On n’entend pas beaucoup ce genre de propos à Québec, mais on a justement encore du temps.

« Prendre une chance» sur les Plaines?

Céline Dion part en tournée mondiale jusqu’au 30 janvier 2009; elle visitera 85 villes sur 5 continents. La caravane Taking Chances entreprend cette semaine la première étape qui durera six mois. Après la pause de juillet, Céline Dion sera à Montréal du 15 au 31 août mais elle se produira sur les plaines d’Abraham le 22, un one-night stand qui figure parmi les dix grands événements inscrits au programme du 400e anniversaire de Québec.
Céline et ses musiciens ont préparé une soixantaine de chansons pour cette tournée et elle en choisira 20-25 chaque soir en fonction des préférences des auditoires. Selon ce que son chef d’orchestre a confié à la presse, une seule chanson en français sera interprétée : Pour que tu m’aimes encore, la chanson de Céline la plus populaire, en français, tous marchés confondus.
« La question qui tue », dirait Guy A. : a-t-elle un plan B pour Québec?
Il paraît que les clauses monétaires du contrat intervenu entre la Société du 400e et René A. doivent demeurer confidentielles mais, si on peut se résigner à ne pas savoir combien on paie, sait-on au moins ce qu’on entendra? « En Afrique du Sud comme ailleurs, selon le chef Mégo, le choix s’arrête sur les [chansons] préférées du public ». Alors, la Société du 400e a-t-elle fait des demandes spéciales? À six mois de l’événement, la diva peut-elle répéter quelques airs dans la langue de Charlemagne?
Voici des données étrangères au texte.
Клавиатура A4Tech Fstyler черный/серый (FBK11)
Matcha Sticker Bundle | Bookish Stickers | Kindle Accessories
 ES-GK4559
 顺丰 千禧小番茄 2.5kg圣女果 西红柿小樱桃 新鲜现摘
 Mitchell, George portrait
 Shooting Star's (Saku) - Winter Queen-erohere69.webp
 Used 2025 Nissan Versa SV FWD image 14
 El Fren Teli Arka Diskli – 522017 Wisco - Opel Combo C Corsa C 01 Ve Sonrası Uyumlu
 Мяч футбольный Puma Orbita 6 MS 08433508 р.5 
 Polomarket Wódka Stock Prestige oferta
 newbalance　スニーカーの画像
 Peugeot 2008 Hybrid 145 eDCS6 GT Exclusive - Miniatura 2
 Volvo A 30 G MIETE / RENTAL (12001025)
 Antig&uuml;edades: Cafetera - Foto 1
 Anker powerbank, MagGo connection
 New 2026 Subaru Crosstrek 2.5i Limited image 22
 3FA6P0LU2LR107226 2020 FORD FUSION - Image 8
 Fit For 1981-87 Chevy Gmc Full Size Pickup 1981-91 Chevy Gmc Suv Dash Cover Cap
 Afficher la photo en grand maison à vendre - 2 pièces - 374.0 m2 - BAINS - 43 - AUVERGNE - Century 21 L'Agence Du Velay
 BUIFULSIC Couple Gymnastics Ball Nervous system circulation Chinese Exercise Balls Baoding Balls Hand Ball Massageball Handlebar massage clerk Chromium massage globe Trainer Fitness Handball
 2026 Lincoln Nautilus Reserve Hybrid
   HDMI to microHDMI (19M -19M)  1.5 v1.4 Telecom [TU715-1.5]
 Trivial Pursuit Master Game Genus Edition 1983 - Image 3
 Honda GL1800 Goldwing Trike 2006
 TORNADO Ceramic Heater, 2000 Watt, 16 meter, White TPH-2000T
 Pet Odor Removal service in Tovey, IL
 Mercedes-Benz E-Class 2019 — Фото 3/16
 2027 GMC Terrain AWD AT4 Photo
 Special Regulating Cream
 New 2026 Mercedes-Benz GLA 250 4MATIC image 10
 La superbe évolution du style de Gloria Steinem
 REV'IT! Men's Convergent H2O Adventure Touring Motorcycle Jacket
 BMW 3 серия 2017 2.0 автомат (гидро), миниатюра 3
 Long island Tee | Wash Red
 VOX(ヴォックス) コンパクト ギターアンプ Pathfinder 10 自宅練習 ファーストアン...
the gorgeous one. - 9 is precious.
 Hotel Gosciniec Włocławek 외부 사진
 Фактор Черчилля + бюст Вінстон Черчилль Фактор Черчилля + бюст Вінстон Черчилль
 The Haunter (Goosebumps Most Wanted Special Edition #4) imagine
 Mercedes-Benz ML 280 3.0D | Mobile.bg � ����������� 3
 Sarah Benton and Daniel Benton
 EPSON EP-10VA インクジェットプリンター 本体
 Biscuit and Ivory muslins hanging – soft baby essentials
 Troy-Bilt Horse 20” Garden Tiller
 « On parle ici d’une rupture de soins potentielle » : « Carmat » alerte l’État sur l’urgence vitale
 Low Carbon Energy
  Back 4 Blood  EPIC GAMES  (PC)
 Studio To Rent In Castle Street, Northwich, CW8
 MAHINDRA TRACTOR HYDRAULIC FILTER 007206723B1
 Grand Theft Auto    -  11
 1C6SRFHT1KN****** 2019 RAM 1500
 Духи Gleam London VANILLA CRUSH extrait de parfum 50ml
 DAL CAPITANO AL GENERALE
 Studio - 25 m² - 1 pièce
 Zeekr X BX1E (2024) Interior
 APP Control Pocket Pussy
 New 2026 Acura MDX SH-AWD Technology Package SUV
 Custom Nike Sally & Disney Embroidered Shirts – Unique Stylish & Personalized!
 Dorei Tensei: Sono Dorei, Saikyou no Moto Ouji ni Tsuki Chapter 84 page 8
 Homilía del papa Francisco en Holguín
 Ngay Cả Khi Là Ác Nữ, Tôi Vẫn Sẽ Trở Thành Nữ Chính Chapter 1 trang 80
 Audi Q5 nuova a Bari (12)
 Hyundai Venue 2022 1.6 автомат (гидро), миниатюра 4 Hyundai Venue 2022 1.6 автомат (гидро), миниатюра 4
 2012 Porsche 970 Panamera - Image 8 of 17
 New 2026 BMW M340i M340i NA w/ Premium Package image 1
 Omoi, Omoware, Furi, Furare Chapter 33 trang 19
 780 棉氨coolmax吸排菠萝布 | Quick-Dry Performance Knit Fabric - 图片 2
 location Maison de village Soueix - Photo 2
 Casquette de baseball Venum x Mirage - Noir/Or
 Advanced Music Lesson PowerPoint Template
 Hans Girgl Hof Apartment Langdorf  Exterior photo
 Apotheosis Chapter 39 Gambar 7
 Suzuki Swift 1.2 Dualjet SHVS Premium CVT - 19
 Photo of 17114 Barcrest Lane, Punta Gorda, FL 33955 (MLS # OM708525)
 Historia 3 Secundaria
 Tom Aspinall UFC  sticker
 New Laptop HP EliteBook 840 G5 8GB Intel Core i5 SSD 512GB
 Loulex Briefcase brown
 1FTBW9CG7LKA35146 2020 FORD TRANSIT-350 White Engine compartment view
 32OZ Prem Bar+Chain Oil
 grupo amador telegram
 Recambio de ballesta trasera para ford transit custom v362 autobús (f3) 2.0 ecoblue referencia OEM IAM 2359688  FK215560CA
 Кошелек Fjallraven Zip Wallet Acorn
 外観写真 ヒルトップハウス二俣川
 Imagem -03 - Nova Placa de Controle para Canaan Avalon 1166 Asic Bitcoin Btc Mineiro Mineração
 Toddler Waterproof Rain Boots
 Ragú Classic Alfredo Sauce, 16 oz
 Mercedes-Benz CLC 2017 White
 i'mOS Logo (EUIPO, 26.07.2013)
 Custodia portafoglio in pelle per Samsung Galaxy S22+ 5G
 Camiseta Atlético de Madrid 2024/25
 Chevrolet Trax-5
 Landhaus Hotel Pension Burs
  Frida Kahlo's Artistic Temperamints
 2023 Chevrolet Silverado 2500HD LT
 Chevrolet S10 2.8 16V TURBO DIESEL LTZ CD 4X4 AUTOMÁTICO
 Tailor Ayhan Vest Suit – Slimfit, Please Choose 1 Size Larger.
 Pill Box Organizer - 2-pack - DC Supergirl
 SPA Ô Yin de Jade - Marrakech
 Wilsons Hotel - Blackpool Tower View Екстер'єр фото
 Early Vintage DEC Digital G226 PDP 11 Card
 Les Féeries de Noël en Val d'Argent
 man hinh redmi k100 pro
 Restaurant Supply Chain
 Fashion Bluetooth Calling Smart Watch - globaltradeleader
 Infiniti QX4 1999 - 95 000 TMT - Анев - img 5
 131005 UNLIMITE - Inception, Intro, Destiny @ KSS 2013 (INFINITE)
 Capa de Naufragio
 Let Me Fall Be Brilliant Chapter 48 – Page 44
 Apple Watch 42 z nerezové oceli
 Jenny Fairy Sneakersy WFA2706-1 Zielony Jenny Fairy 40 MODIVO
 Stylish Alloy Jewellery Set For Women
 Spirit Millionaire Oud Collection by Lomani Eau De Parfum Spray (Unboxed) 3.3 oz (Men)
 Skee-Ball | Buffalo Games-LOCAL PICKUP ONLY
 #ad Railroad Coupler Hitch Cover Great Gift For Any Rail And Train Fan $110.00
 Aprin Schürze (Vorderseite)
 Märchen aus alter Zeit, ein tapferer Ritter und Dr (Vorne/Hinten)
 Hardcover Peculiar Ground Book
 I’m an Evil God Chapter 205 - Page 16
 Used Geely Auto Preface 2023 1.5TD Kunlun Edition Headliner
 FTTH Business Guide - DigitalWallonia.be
Les Québécois, « chiqueux de guenilles » ?

Il a fallu quelques semaines mais Denis Bouchard a réagi de façon classique aux commentaires suscités par le spectacle qu’il a mis en scène le 31 décembre : «… il y a beaucoup de chiqueux de guenilles à Québec, ça s’entretue, ça n’a pas de bon sens. C’est propre à cette ville-là… » (propos livrés à Radio X tels que rapportés par le Journal de Québec du 2 février). Au moins, il n‘a pas dit « village » et, comme la situation lui fait « beaucoup penser à Paris », on se retrouve en pas si mauvaise compagnie. D’ailleurs, les commentaires les plus raides sont venus de Montréal.
Le Devoir du 3 janvier a titré « Un ratage historique » : « Quel gaspillage ! Quarante-cinq petites minutes à remplir, un an de travail, près de trois millions de dollars de fonds publics et on nous a servi ça. […] On est en droit de se demander pourquoi la Société du 400e lui a confié la direction artistique de ce spectacle, certes rodé techniquement, mais au contenu faible et bâclé ? À la décharge du maître d’œuvre, comment les patrons du 400e ont-ils pu donner le feu vert à une proposition artistique aussi pitoyable ? »
Dans son édition de janvier, L’Action nationale a donné un autre point de vue :
« Ce spectacle navrant n’était pas un échec, bien au contraire. On a pu y voir là la représentation de ce que l’ordre canadian tolère qu’on soit, un vestige désincarné, ballotté entre le quétaine et le folklore, s’agitant dans le party parce qu’on lui a refusé la Fête et beuglant son contentement dans une finale en anglais achevant de dire le contraire de ce que tout cela aurait dû signifier. […]
« L’absolue médiocrité qui a empêché ce spectacle d’atteindre à la vérité artistique a tout simplement permis de révéler, en quelque sorte in absentia, ce qui faisait objet de censure : la culture québécoise, la vérité de la nation. « Tu penses qu’on s’en aperçoit pas » chante Ti-cul Lachance (Gilles Vigneault). Ce spectacle était criant de vérité. Et la réaction qu’il a suscitée, porteuse d’une vérité plus grande et plus forte encore : nous ne sommes pas cela, nous ne voulons pas cela. Nous aurions pu faire autrement, mais, somme toute, nous avons commencé l’année du bon pied, en refusant, les uns sur la place d’Youville, les autres dans les chaumières et les fêtes de famille, ce qu’on veut faire de nous. »
Dures, les critiques de Québec ? Le programme officiel de cette soirée n’avait-il pas promis « un univers imaginaire qui fera revivre 400 ans de notre histoire » ?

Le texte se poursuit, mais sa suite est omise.